Correlation Test for Two Continuous Variables — cor

This function is a wrapper for stats::cor.test function, except if method = "spearman" is selected and there are ties in at least one variable, in which case this is a wrapper for coin::spearman_test employing the approximate method.

Usage

cor_test(
  x,
  y,
  method = c("pearson", "kendall", "spearman"),
  seed = 68954857,
  nresample = 10000,
  exact = TRUE,
  verbose = FALSE,
  ...
)

Arguments

x: numeric vector (can include NA values).
y: numeric vector (can include NA values).
method: a character string indicating which correlation coefficient is to be used for the test. One of "pearson", "kendall", or "spearman", can be abbreviated to "p", "k", or "s".
seed: seed (only used if method = "spearman").
nresample: a positive integer, the number of Monte Carlo replicates used for the computation of the approximative reference distribution. Defaults to 10000. (only used if method = "spearman").
exact: should exact method be used. Ignored if method = "pearson" or if method = "spearman" and there are ties in x or y.
verbose: a logical variable indicating if warnings and messages should be displayed.
...: parameters passed to stats::cor.test or coin::spearman_test

Value

correlation estimate p value.

Details

The three methods each estimate the association between paired samples and compute a test of the value being zero.
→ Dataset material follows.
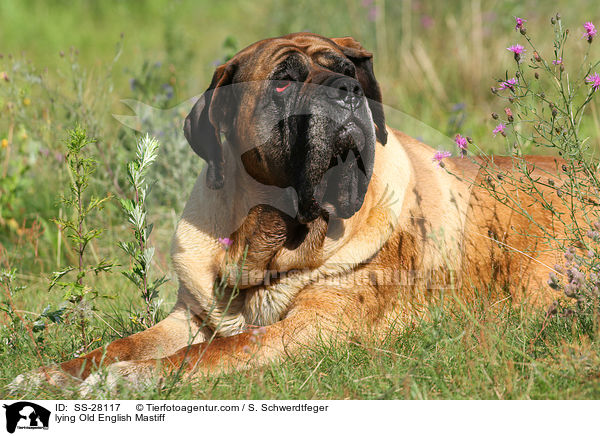 lying Old English Mastiff / SS-28117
They use different measures of association, all in the range [-1, 1] with 0 indicating no association. These are sometimes referred to as tests of no correlation, but that term is often confined to the default method.

If method is "pearson", the test statistic is based on Pearson's product moment correlation coefficient cor(x, y) and follows a t distribution with length(x)-2 degrees of freedom if the samples follow independent normal distributions. If there are at least 4 complete pairs of observation, an asymptotic confidence interval is given based on Fisher's Z transform.
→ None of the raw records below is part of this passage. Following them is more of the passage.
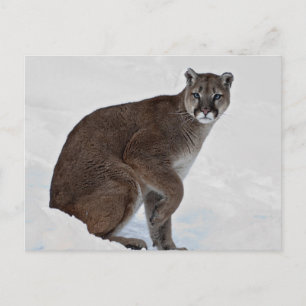 Mountain Lion on the Go Postcard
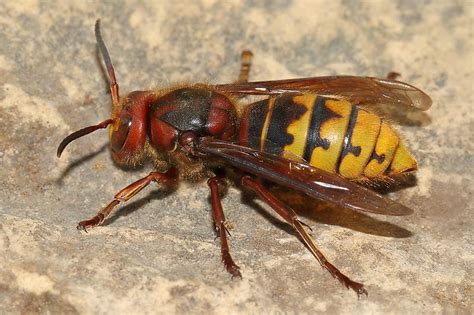 De ene hoornaar is de andere niet. Hoornaar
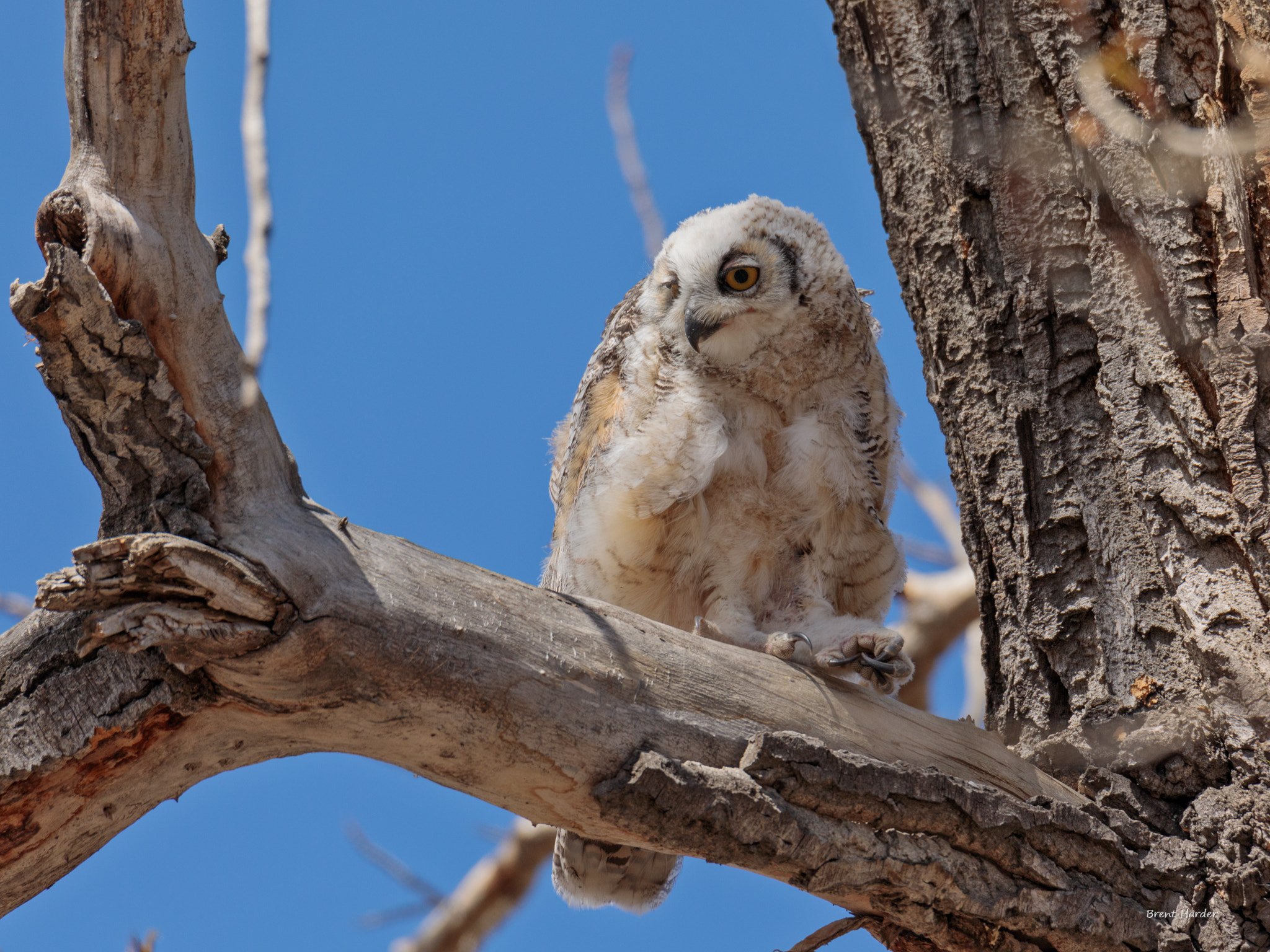 Canon EOS sample photo. Great horned owl (juvenile) photography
If method is "kendall" or "spearman", Kendall's tau or Spearman's rho statistic is used to estimate a rank-based measure of association. These tests may be used if the data do not necessarily come from a bivariate normal distribution.

The preferred method for a Spearman test is using the exact method, unless computation time is too high. This preferred method is obtained though stats::cor.test with exact = TRUE. When there are ties in either variable there is no exact method possible. Unfortunately if there are any ties the stats::cor.test function switches to the asymptotic method, which is especially troubling with small sample sizes. If there are ties cor_test will switch to the approximate method available in the coin::spearman_test.

Examples


set.seed(5432322)
x <- rnorm(20,0,3)
y <- x + rnorm(20,0,5)
cor_test(x,y, method = 'pearson')
#> [1] 0.003244366
cor_test(x,y, method = 'kendall')
#> [1] 0.0237345
cor_test(x,y, method = 'spearman')
#> [1] 0.01473093
# Adding ties
cor_test(c(x,x), c(y,y), method = 'spearman',
         seed = 1, nresample = 10000, verbose = TRUE)
#> Either "x" or "y" has ties, so using approximate method.
#> [1] 7e-04